-- Activity --
From the records below, please repeat exactly the line that has "Kae Ss Knit Cardigan - Chocolate", the line that has "2020-21 Panini Contenders", and every line between them, and nothing else.

-- Input for this task --
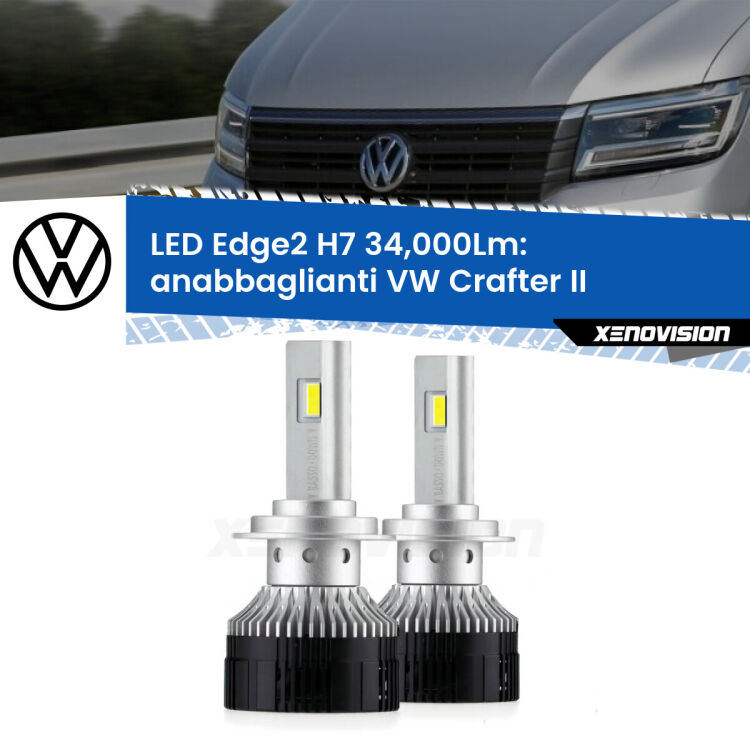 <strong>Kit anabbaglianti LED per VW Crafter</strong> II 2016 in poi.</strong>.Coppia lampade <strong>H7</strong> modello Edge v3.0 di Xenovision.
...
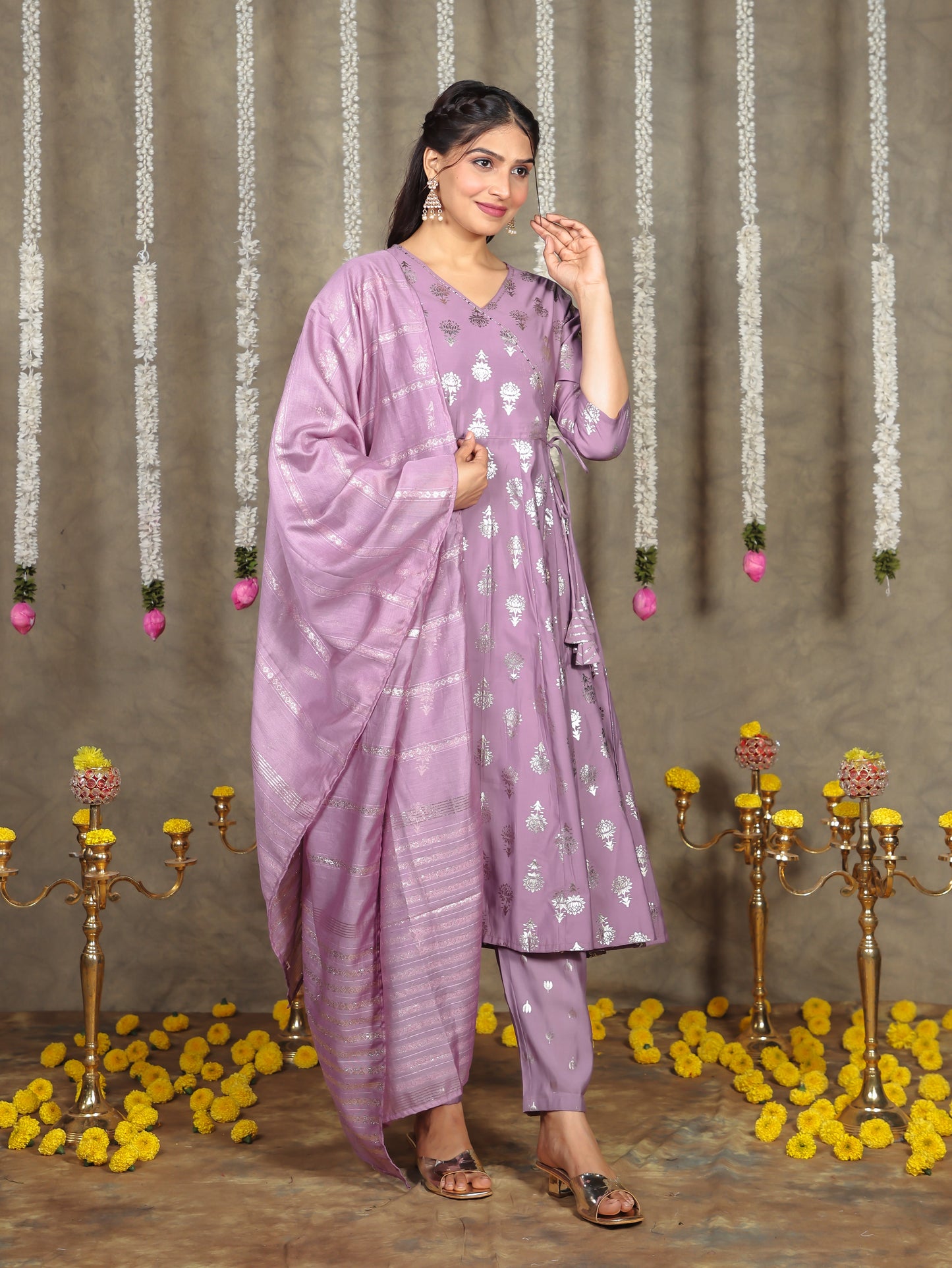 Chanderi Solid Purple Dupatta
==
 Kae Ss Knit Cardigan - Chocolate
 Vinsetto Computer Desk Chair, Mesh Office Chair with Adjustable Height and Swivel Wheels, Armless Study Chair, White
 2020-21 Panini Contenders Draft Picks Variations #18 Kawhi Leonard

-- Solution for this exercise --
 Kae Ss Knit Cardigan - Chocolate
 Vinsetto Computer Desk Chair, Mesh Office Chair with Adjustable Height and Swivel Wheels, Armless Study Chair, White
 2020-21 Panini Contenders Draft Picks Variations #18 Kawhi Leonard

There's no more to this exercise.